It’s 5 weeks since my sister was confirmed with 3 inoperable brain tumours and I’ve taken time off work to be with her every day. We are incredibly close and talked or met up every day. She was given four weeks to 6 months to live on 10th June.
She married the love of her life on 21st June 30 years after they met.
She is now in a hospice and this is the first day I’ve taken ‘off’ for myself, only to find myself crying and reading this site.
We’ve talked at length about her funeral plans and reminisced over thousands of happy memories, but I’m struggling to see her get smaller and weaker and hear her saying she just wants to go. I was just coming to term’s with the sadness of losing our mum in January too.
What did anyone do to get through this unpredictable heartbreaking experience
Dear Anna, I’m so sorry to read this.
It was my daughter. Her sister doesn’t live nearby and they weren’t in daily contact, but she also dropped everything to be with her, and she is devastated, taking it even harder than me, though to lose your child, of any age, is the worst thing that has ever happened to me.

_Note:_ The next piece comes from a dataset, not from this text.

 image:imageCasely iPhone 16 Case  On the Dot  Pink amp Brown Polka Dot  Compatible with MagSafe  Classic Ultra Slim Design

Katherine went into the hospice, her choice, when cancer spread to her brain in February. She also married her life partner, after almost 30 years, in the hospice. She also reached the point when she’d had enough and wanted to go to dad. She passed away on 9 March.
I hope you will find comfort and support here, and I hope you believe you will meet again.
With love Ann
Thankyou for your message, I am so sorry to hear about Kathrine, I hope you are all supporting each other as much as possible. Sending you all love, and yes we do believe we will meet again, which is a little comfort xx
Hi Anna, I also lost my sister, 22 months ago. She was 53, and had a recurrence of breast cancer. She was in a hospice, and due to the pandemic I was unable to see her as much as I wanted. We were extremely close, and I still miss her so much. We are going to scatter her ashes in September in a local place she loved, and I think that will be beneficial for me to visit and feel closer to her.
I read something on this website about keeping something with you from your loved one, that would have been very helpful for me.
Sending you lots of love. X
Thankyou for your reply and I’m so sorry about your sister. I hope scattering her ashes brings you some peace, and thanks for the advice of keeping something with me xx
I have a bracelet that was Katherine’s, her husband gave it to me and I only take it off for a shower.